Required action: Starting at the line with "The Complete Baratza" and ending at the line with "Gray’s Anatomy for", print exactly the lines of the entries below. Pictures do not belong in the copy.

Information given:
* * *
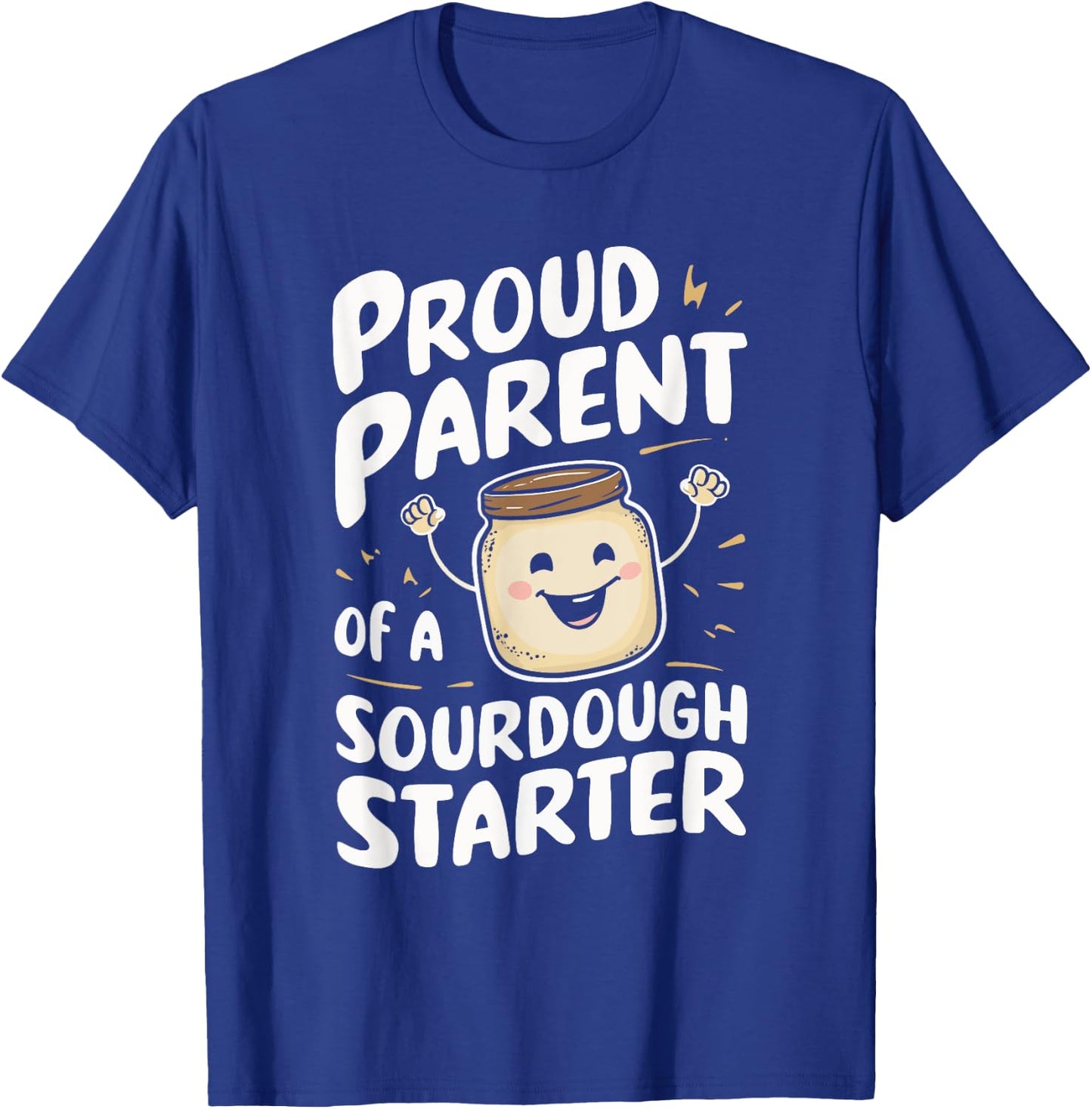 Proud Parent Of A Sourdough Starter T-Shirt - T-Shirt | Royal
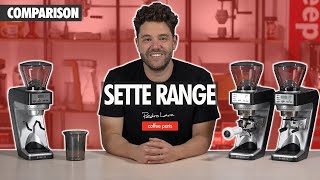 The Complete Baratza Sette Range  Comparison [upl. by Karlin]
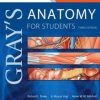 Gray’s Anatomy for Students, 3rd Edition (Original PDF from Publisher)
* * *
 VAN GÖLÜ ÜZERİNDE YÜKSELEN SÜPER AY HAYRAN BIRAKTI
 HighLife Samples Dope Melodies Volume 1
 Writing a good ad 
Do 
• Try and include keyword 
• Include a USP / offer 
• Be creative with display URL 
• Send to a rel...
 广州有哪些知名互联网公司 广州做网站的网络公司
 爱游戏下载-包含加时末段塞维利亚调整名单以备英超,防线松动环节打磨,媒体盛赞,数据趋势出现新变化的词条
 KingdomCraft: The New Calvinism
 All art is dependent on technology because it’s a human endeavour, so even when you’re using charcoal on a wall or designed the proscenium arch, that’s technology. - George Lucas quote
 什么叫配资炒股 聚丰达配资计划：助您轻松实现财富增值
* * *
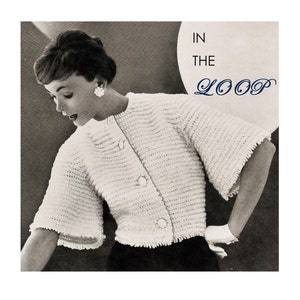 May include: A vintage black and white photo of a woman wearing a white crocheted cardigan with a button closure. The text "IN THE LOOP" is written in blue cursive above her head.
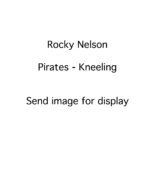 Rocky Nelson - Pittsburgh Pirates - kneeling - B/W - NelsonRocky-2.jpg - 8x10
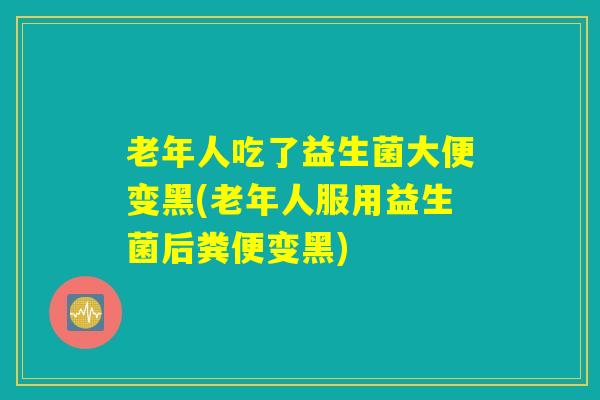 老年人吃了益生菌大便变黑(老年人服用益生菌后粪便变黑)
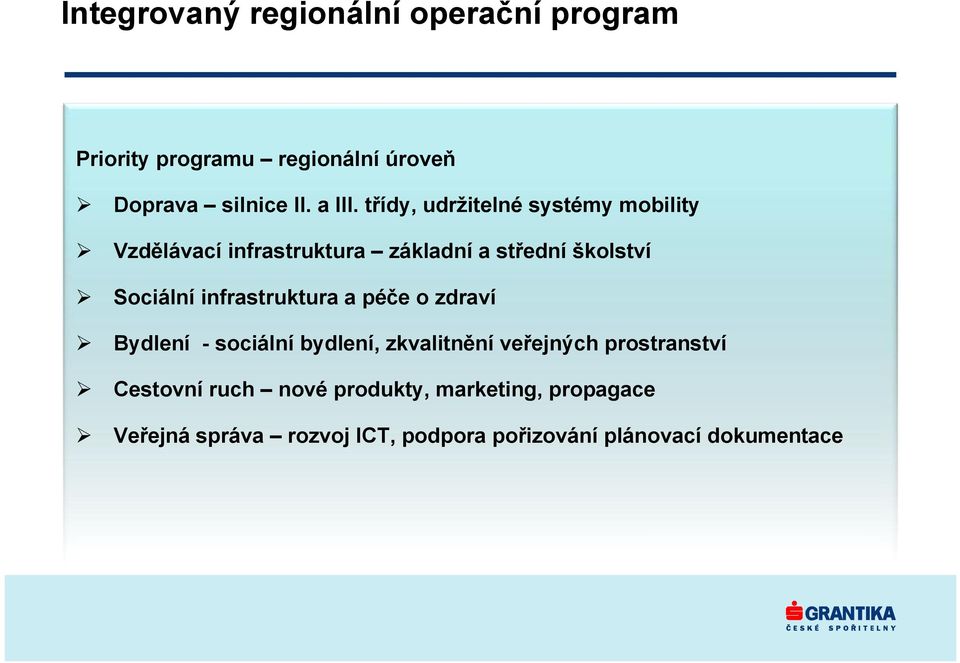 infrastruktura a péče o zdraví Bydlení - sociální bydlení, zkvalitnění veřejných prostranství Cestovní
* * *
Task response:
 The Complete Baratza Sette Range  Comparison [upl. by Karlin]
 Gray’s Anatomy for Students, 3rd Edition (Original PDF from Publisher)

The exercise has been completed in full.